Data terbaru dari departemen ekspor impor bea cukai Korea Selatan menunjukkan lonjakan harga yang sangat masif pada sektor DRAM dan NAND yang akan berdampak luas pada pasar memori dan SSD global. Permintaan yang membengkak hingga mencapai level rekor ini telah memberikan keuntungan besar bagi perusahaan semikonduktor Korea Selatan di tengah tren siklus super kecerdasan buatan atau AI.
Kenaikan harga komponen teknologi utama ini tercatat hingga mencapai 63 persen hanya dalam waktu satu bulan. Data tersebut membandingkan harga per unit dibandingkan dengan bulan sebelumnya untuk setiap segmen produk memori dan penyimpanan data yang menjadi tulang punggung infrastruktur digital saat ini.
Kenapa harga RAM dan SSD dari Korea Selatan terus meningkat?
Lonjakan harga yang sangat ekstrem ini mencerminkan betapa tingginya ketergantungan industri global terhadap komponen memori untuk melatih model AI berskala besar. Kenaikan harga tahunan yang mencapai hampir 500 persen untuk kategori DRAM menunjukkan adanya ketidakseimbangan yang serius antara permintaan pasar yang meledak dengan kapasitas produksi yang tersedia.
Meskipun produsen seperti Samsung dan SK Hynix berupaya meningkatkan kapasitas produksi pembangunan pabrik baru membutuhkan waktu setidaknya dua hingga tiga tahun untuk mencapai tahap produksi massal. Situasi ini diprediksi akan semakin memburuk pada tahun 2027 mendatang mengingat permintaan dari perusahaan AI yang terus terakselerasi tanpa henti.
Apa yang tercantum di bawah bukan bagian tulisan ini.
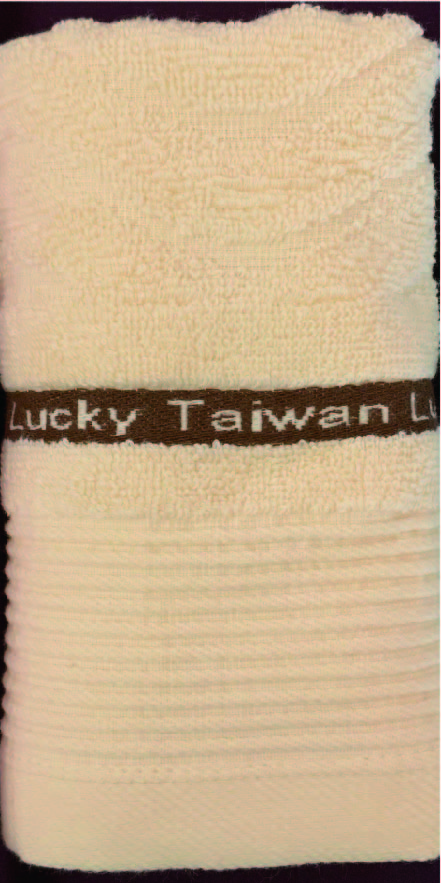 lucky波浪提花毛巾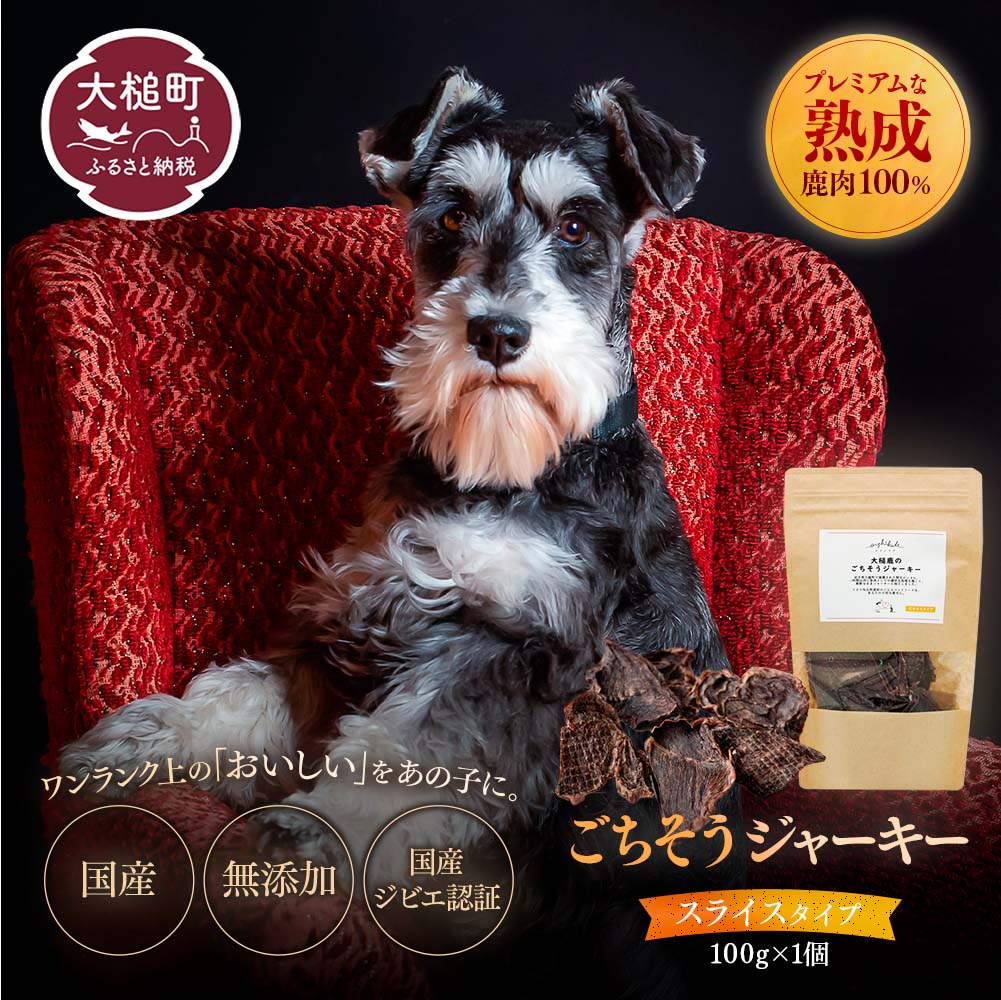 【愛犬用鹿肉ジャーキー】オイシクテ 無添加（国産鹿を贅沢に熟成）スライスタイプ 100g 岩手県産鹿肉100% 犬 いぬ おやつ ジャーキー チップス 鹿肉 ベニソン しつけ ご褒美 ジビエ 高たんぱく 低脂質 ヘルシー ダイエット ペットフード ドッグフード グレインフリー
Apa saja detail soal kenaikan RAM dan SSD dari Korea Selatan?
- DRAM: Mengalami kenaikan harga sebesar 20,9 persen dibandingkan bulan sebelumnya dengan lonjakan tahunan yang mengejutkan mencapai 497,4 persen akibat kebutuhan komputasi AI.
- Memori Flash atau NAND: Mencatatkan lonjakan harga bulanan tertinggi sebesar 63,1 persen dengan kenaikan tahunan sebesar 351,6 persen yang berdampak langsung pada harga solusi penyimpanan SSD.
- HBM atau MCP: Standar memori untuk kebutuhan AI ini juga mengalami kenaikan harga bulanan sebesar 18,7 persen dan pertumbuhan tahunan mencapai 165,5 persen.
- Modul DRAM: Meliputi DDR5 untuk komputer meja dan laptop yang meskipun mengalami sedikit penurunan bulanan sebesar 13,9 persen namun tetap mencatatkan kenaikan tahunan sebesar 351,2 persen.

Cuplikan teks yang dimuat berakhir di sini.